By Razen Manandhar
Among fifty plus monuments constructed in the various stages of the history, the most commonly visited shrine in Hanumandhoka Durbar Square area is the insignificant temple of Ganesha, the elephant-headed god. It is associated with the social life of the public as well as the royals of the Himalayan Kingdom.
The temple of Ashok Binayak is situated at the east of Hanumandhoka Durbar Square Protected Monument Zone, beside the tumultuous vegetable and flower market. It is dwarfed by the giant pagoda structure of Kasthamandap that stands in front of the temple but the locals automatically turn themselves to the temple and take a round from the left whenever they arrive at the courtyard of Maru.
The Ganesh temple, however, is still waiting for the proved accounts of its history. The only historical evident we have about the temple is that it was renovated in 1850 AD that certainly cannot be the date of origin of the temple. It is the unwritten history and the strong belief of the locals that the insignificant shrine among the grandiloquent temples of the monument zone draws hundreds of pilgrims to its small threshold. The legends give credit of initiating religious rituals to a Tantric priest Jamana Gubhaju and continuing the rituals and caretaking the temple to a local merchant Dhamanan Sayami. Perhaps this is the reason the Ganesh is held to be deified incarnation of oil pressers (Manandhars).
According to a legend, the area where the temple is situated today was once upon a time a big jungle and people found the miraculous idol of Ganesh there. The legend implies that it belongs to the time long before Hanumandhoka as a royal palace came into existence. But as it was cramped among trees, the makers could not give the final touch by adding a pinnacle to the small temple. Branches of an Ashok tree was hanging above the temple. So the people named it Ashok Binayak. The tree shaped decoration inside the temple that is hardly visible these days, are the reminders of the Ganesha’s love the Ashoka tree that gave him its name.
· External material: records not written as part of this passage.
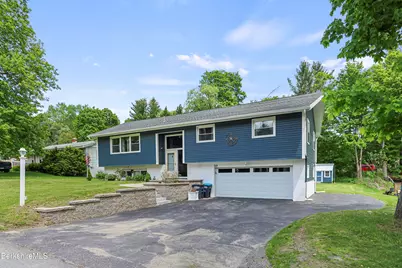 10 Oswald Ave, Pittsfield, MA 01201 - Photo 3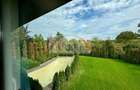 Vila lux de vanzare in cel mai dorit complex din Erou Iancu Nicolae-locatie rara - 15
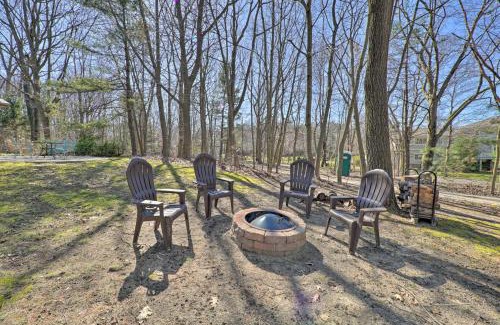 Holland House | Endearing Cottage with Fire Pit and Private Beach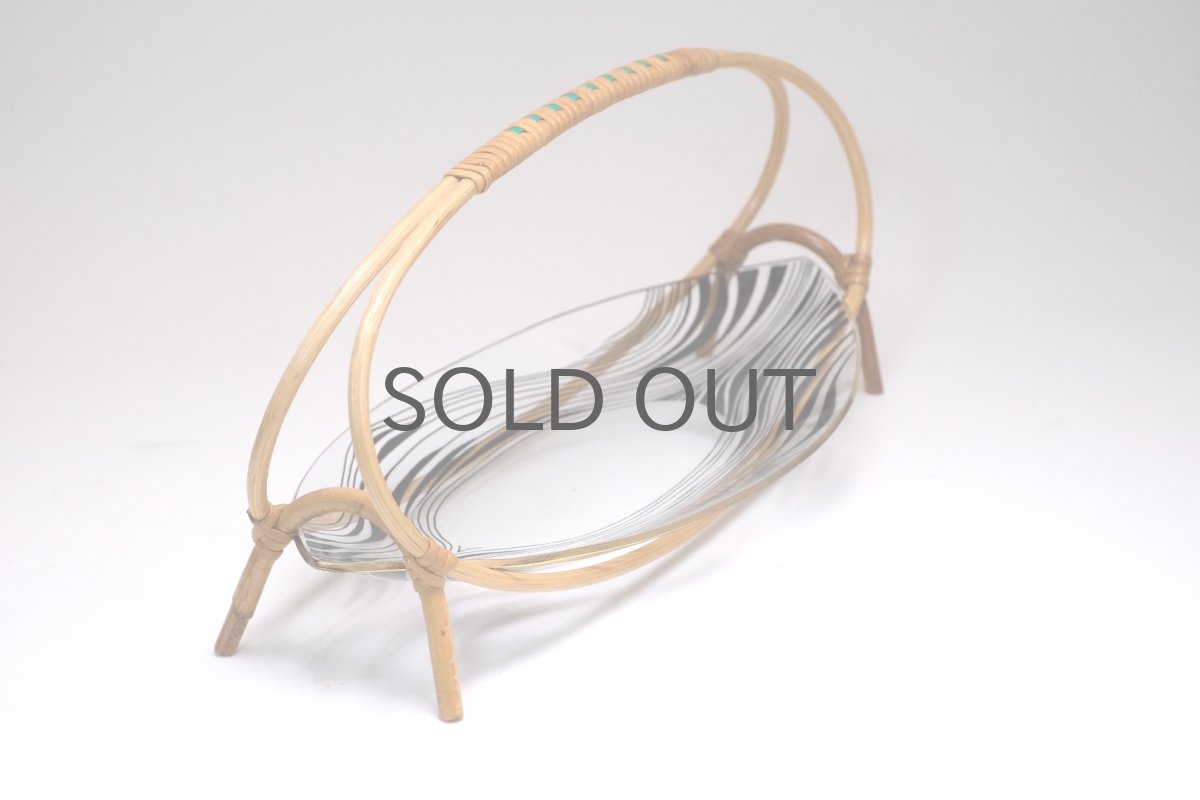 画像6: 北欧ビンテージ雑貨/北欧ハンドクラフト/籐＋ガラストレー/オーバル型/Sサイズ (6)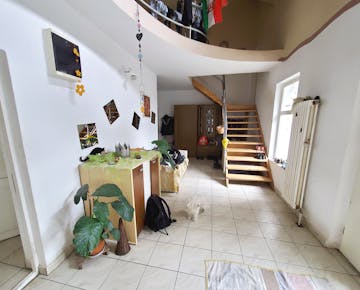 Volunteer accommodation entrance in Romania with IVHQ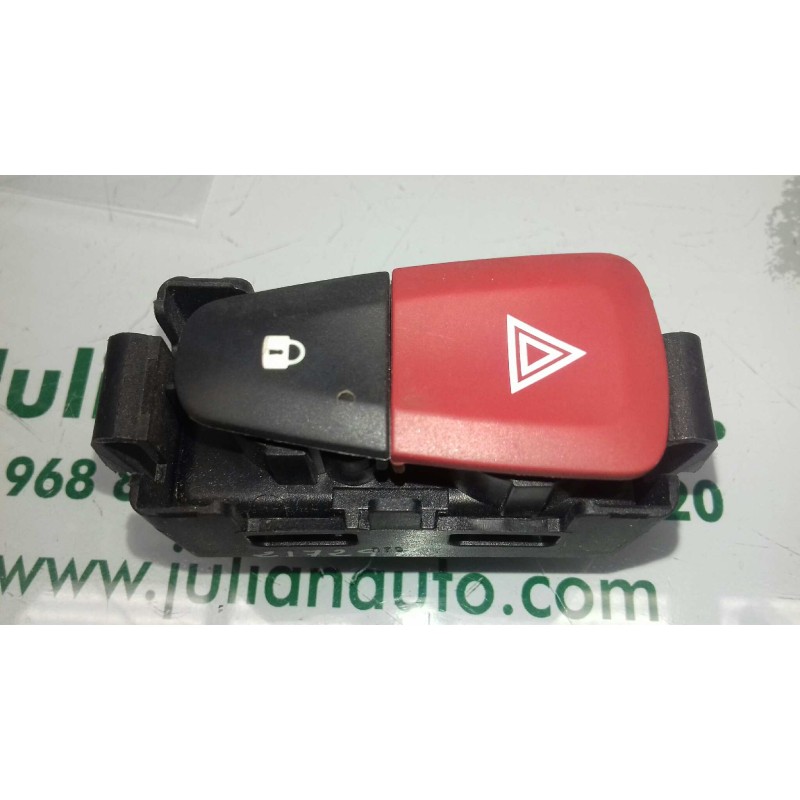 Recambio de warning para renault megane iii berlina 5 p dynamique referencia OEM IAM 8200214896A 8200409362 3 + 3 PINES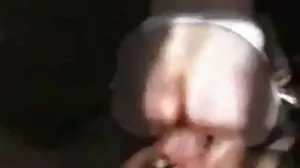 அழகான ஷாலினா டிவைனின் கழுதை இடைவெளி
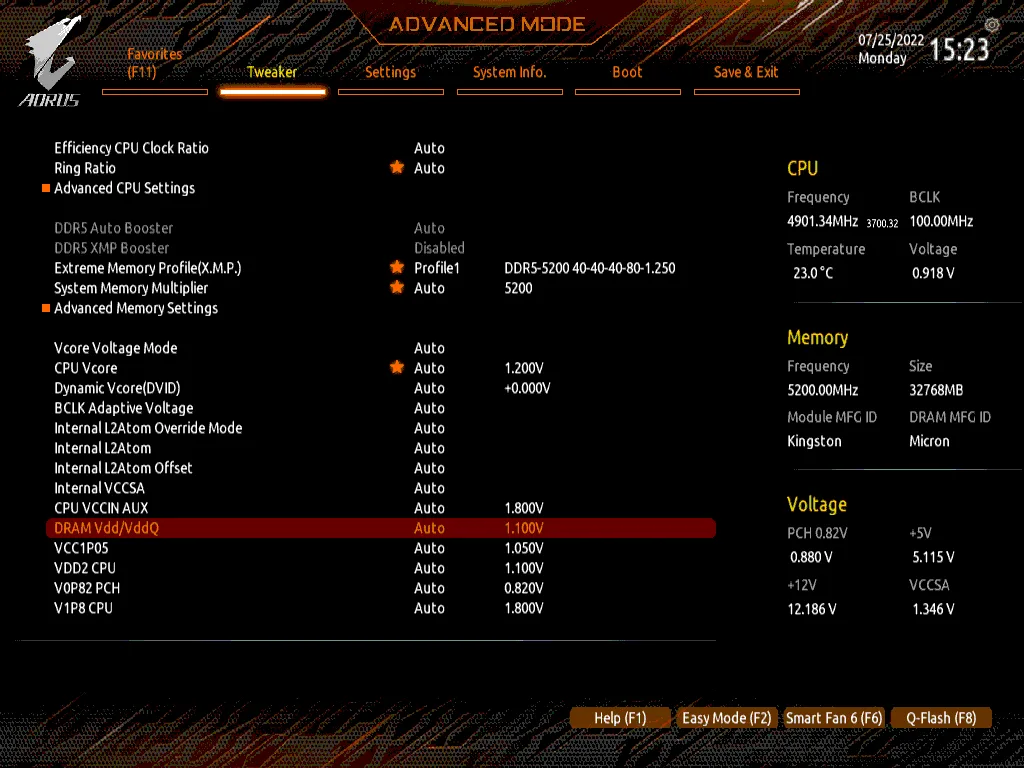 Captura de pantalla del modo avanzado de una BIOS, mostrando configuraciones de CPU, memoria y voltajes con un diseño oscuro y elementos rojos y naranjas.
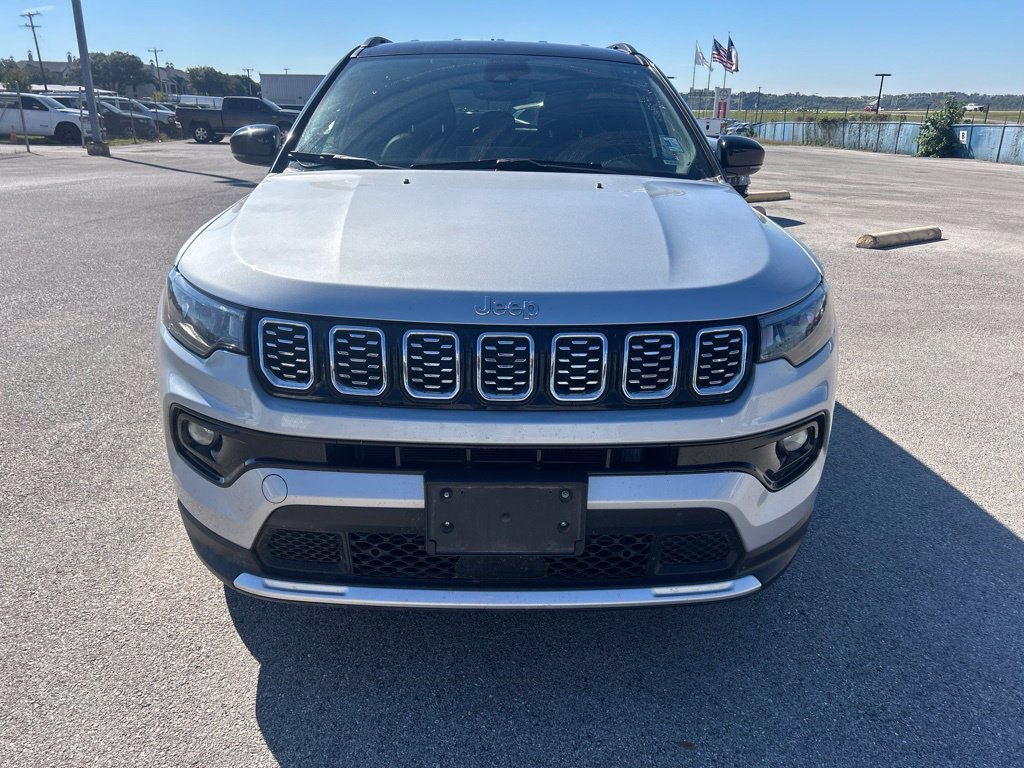 Used 2025 Jeep Compass Limited AWD/4WD image 4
The temple is only a small chamber, no garbhagriha or doors from other directions. From outside, almost all parts of the front is covered with brass plates. The reppouse plates resemble the wooden structures behind. A decorated Torana is on the top of the gate, which is tightly tucked up with iron bars, to save it from the hand of art thieves but a small Ganesh figure under the Torana has been missing. Two lions at the door and a shrew across the street guard the temple. Four ancient looking pillars inside the temple indicate the ancient structure of the temple. Like in the shrine of Budha Nilkantha, the pillars were meant to make the temple roof but it kept falling off, as people believed it, due to the God’s unwillingness to dwell under a roof. And people left the temple without completing the roof. This legend supports another logic behind the temple’s missing pinnacle.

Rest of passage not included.